Officials from the Defense Department, the Office of Management and Budget and the General Services Administration gathered Monday in Washington to celebrate new governmentwide charge card contracts, which they touted as the largest charge-card procurement ever. GSA estimates that federal employees will use the purchase, fleet and travel cards to pay for $100 billion in expenses in the next 10 years.
The officials said the new deal would cut agencies' administrative costs and make it faster and easier to pay for small purchases and travel expenses. In addition, they predicted that the new contracts, under which six companies will compete to provide card services, will eventually allow federal employees to use single "smart cards" for all their purchase, fleet, and travel expenses, and for identification, access to secure buildings, and other purposes.
"This is a form of the ultimate democratization of the acquisition process," said Deputy Defense Secretary John Hamre. "We don't need the expertise it takes to buy an aircraft carrier when you buy a ream of paper. We've treated this like only a cadre of appointed priests are able to do this."
OMB Deputy Director G. Edward DeSeve called on managers to streamline the procurement process before giving employees charge cards.
"We can't give them a card and then have seven levels of approval," DeSeve warned. "This procurement requires creativity to reengineer the back-room office."
Under the new contracts, federal agencies will choose from six companies for charge-card services: American Express, Citibank, First National Bank of Chicago, Mellon Bank, NationsBank and US Bank. Agencies can choose one contractor for purchase, fleet and travel cards, or mix-and-match card providers.

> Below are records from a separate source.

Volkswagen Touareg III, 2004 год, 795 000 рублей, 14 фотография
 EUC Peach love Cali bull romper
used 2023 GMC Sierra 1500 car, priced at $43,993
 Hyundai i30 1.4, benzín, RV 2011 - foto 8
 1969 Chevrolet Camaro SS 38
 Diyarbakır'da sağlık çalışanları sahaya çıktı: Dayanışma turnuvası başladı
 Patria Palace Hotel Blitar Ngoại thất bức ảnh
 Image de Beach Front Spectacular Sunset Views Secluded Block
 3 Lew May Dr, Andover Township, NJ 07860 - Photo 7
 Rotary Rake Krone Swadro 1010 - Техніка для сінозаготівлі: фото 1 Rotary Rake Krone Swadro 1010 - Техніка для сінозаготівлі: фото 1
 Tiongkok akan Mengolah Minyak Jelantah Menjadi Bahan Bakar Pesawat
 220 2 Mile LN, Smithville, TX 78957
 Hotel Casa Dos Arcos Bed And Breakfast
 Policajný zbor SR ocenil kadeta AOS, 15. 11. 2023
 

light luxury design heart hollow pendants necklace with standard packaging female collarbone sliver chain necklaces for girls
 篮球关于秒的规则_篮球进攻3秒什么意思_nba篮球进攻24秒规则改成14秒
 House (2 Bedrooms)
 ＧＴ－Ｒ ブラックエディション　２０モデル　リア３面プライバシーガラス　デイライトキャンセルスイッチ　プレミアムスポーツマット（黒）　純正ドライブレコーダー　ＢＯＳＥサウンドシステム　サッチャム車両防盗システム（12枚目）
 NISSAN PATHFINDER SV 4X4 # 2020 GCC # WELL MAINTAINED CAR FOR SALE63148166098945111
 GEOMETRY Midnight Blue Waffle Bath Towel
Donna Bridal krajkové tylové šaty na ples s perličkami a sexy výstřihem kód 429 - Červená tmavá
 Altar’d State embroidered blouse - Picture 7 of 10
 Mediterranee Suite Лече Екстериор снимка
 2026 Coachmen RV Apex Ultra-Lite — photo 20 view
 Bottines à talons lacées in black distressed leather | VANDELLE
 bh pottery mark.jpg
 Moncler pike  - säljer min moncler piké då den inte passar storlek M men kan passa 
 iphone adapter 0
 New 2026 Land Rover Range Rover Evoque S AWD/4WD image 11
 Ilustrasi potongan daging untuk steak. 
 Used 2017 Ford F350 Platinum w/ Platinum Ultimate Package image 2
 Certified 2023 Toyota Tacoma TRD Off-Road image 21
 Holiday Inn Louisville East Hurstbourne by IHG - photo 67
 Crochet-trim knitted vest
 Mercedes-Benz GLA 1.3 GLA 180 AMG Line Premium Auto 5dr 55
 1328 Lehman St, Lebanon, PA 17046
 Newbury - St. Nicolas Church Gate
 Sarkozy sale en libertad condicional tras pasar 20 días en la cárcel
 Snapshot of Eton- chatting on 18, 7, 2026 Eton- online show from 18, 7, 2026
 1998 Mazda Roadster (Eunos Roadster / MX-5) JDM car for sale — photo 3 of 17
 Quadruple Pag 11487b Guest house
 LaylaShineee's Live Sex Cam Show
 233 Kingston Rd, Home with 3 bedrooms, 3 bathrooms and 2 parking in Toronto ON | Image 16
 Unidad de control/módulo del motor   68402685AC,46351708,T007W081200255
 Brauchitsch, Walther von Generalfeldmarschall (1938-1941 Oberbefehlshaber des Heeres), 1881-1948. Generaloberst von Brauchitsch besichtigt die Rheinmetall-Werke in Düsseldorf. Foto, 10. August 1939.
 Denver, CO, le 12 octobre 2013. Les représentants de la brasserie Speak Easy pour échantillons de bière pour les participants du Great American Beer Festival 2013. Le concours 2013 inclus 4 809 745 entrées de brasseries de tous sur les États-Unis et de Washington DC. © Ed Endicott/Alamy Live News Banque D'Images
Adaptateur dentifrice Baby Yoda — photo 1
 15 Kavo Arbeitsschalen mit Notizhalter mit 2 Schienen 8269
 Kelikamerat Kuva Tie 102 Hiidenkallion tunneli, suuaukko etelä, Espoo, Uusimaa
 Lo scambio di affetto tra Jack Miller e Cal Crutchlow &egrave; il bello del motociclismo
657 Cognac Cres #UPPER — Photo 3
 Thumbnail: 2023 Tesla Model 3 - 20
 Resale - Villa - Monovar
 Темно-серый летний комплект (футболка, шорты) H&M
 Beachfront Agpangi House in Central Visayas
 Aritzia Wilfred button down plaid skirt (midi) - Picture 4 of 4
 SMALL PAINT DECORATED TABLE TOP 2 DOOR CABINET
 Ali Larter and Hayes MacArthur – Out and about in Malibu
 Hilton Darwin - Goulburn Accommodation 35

Contractors will also offer additional services to agencies under the contracts, including online transaction systems, additional authorization controls for card use, stored-value cards, debit cards, and smart cards. The providers may also set up intragovernmental transaction systems, allowing agencies to use cards to transfer funds to other agencies.
The new contracts go into effect Nov. 30, when the current charge card contracts expire. Agencies are putting together teams to review contractors' offers, and GSA is holding a three-day conference in Washington this week to allow agency personnel to meet with contractor representatives. Agencies are required to give fair consideration to all the contractors. But because GSA has already screened the companies as part of the award process, selections should move more rapidly than they would during a standard procurement.
Some agencies are hoping to pool together to get better deals from the vendors. GSA is encouraging agencies to work together if they have similar needs.
Ten years ago, when the first conference on purchase cards was held, only a dozen people showed up, said Steven M. Putney, president of US Bank corporate payment systems. By contrast, 1,300 federal managers and employees attended the first day of GSA's charge-card conference on Monday.
"It's taken us a long time to get here," said Dan Goren, senior vice president of American Express Government Services.